Joy of planting trees
OFF TANGENT - Aven Piramide (The Freeman) - May 17, 2018 - 12:00am

It is disturbing to see our soil scorched dry, Mother earth parched, mountains getting bald. Brown and seemingly arid land can be seen in many places where, in the past,covered with green and lush forests.

Few days ago, unusually hot and humid, a weather specialist reported an item that many would take for granted: Warming temperature is caused by man himself. He was not reading a teleprompter or a written script but he mentioned something that tickled me pink: He urged his viewers to plant trees to make our environment a little bit cooler.

I bought a small land at sitioBaugo, between Barangays Mabini and Paril. I planned to convert it into a small garden where I would grow vegetables for my family's consumption. To secure its area, I planted trees along the perimeter and that was when I got mabolo seedlings from Baybay City, Leyte, and tugas and fruit trees from Mandaue City. I imagined that,shortly after my time is up, my children and grandchildren can use hardwood as kamagong (from Mabolo) and tugas to build their homes.

In the presidency of the late Ferdinand Marcos, there were government programs designed to coax people to plant trees. From my observation and knowledgeable sources, I concluded that those efforts failed. Either the programs were launched as cover for corrupt ends or we did not appreciate their value, I am not certain. If the programs were only pursued in earnest, we would now have tall and large trees even within city limits.
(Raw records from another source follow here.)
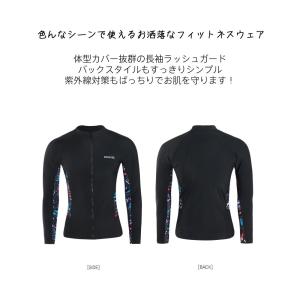 フィットネス水着 水着 メンズ ラッシュガード...の詳細画像4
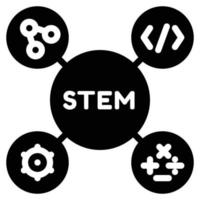 stem icon vector illustration . education . technology
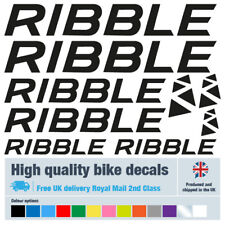 Ribble bike decals / labels with free bike protection (24 pack) - 20 colours for sale  Shipping to South Africa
Now I realize that many tree-planting activities by employees of private corporations do not produce tall trees. They make a big fuzz of the activity without knowing that the seedlings cannot just be left to the vagaries of nature. Neither have they understood the philosophy of the undertaking, including commitment to making their plants survive. How many of those who joined these projects returned to the area to find out what might have happened to their plants? Hardly no one, because most of them do not know that after-care is necessary otherwise seedlings just wither and die.

In my non-scientific way, I make sure that in the next weeks after planting young trees, I water them regularly unless rains drench them. Without formal education in agronomy, I remove the bushes that outgrow and overwhelm my plants. The physical activity may be hard to my aging body but the joy in seeing the trees grow taller is more than enough to soothe aching muscles. I have somehow succeeded because I achieve a mortality rate of less than five per cent.

I am now beginning to harvest the fruits. I have tasted macopa, caimito, tambis and lomboy. Only avocado and chico have not yielded fruits yet. Of the nearly 200 trees that I nurtured, about 20 are fruit-bearing. There is a study saying a mabolo tree, when harvested 30 years from planting, carries an estimated value of P1 million. Wow!

The prospect of a financial bonanza from planting trees is a certain lure. But the idea of contributing to the health of Mother Earth each time we plant and nurture a tree till it towers is most compelling.